Please write the listing below out again exactly, leaving every picture behind.

→ INPUT DATA
____________________

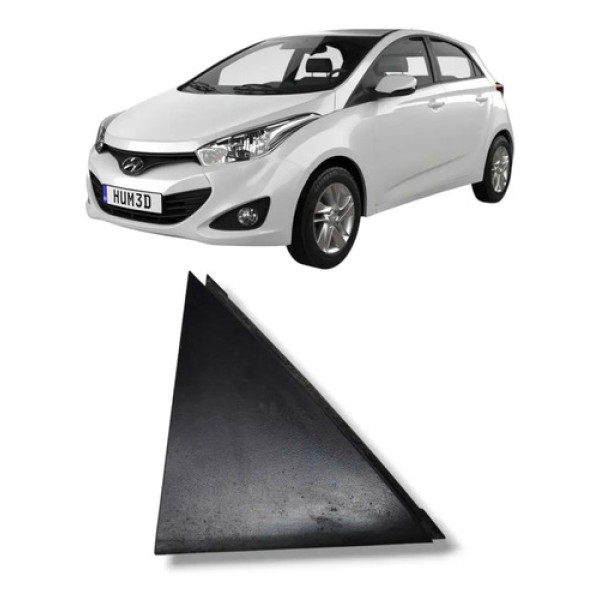 Acabamento Externo Traseiro Esquerdo Hyundai Hb20 2013 2019 Preto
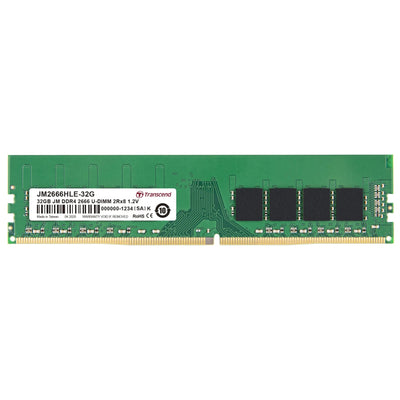 CShop.co.za | Powered by Compuclinic Solutions TRANSCEND 32GB JET MEMORY DDR4 2666MHZ DESKTOP UDIMM 2RX8 2GX8 CL19 JM2666HLE-32G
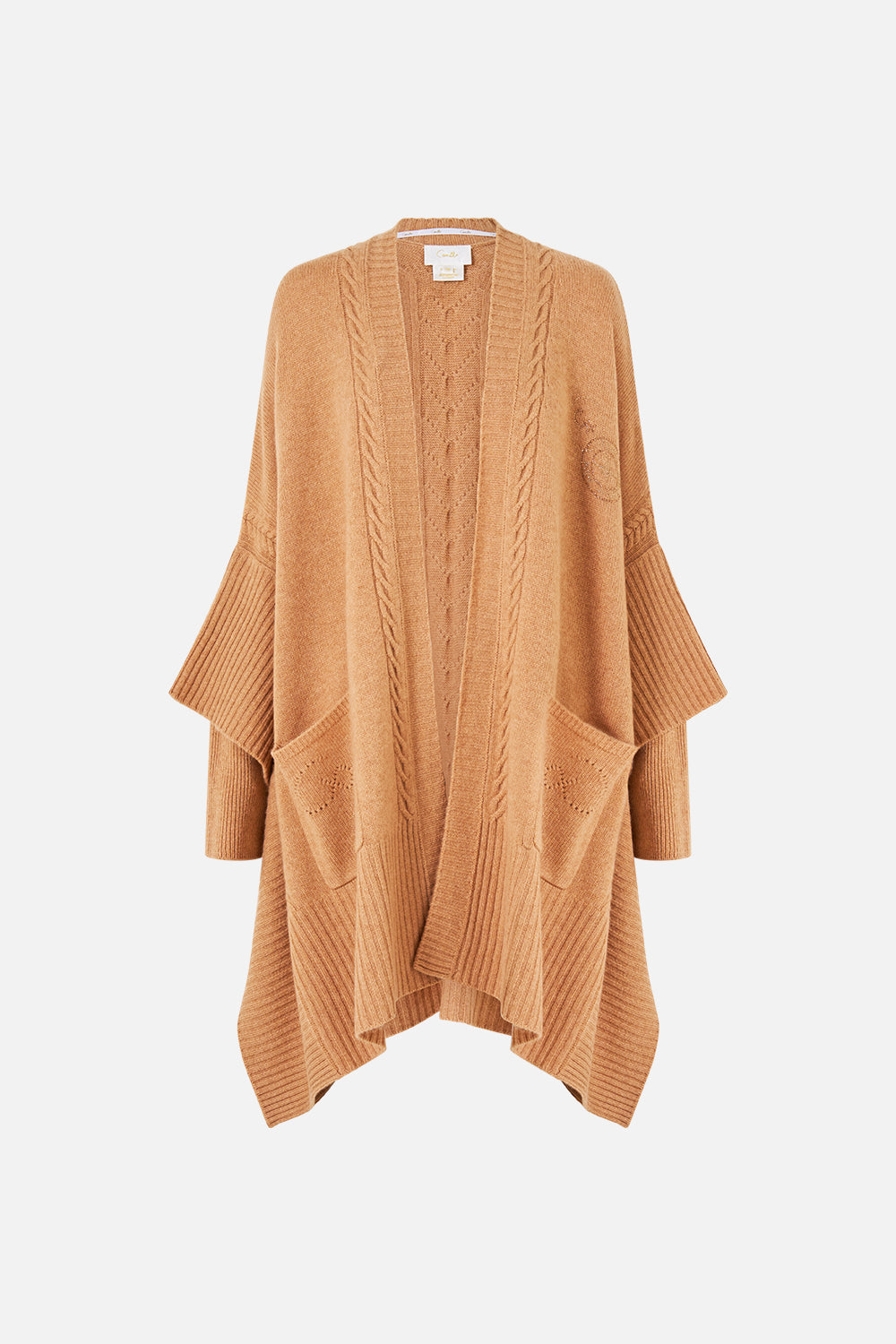 The CAMILLA CASHMERE KNIT OVERSIZED LAYER LEOPARD LIBERTINE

____________________

→ RESULT BELOW
 Acabamento Externo Traseiro Esquerdo Hyundai Hb20 2013 2019 Preto
 CShop.co.za | Powered by Compuclinic Solutions TRANSCEND 32GB JET MEMORY DDR4 2666MHZ DESKTOP UDIMM 2RX8 2GX8 CL19 JM2666HLE-32G
 The CAMILLA CASHMERE KNIT OVERSIZED LAYER LEOPARD LIBERTINE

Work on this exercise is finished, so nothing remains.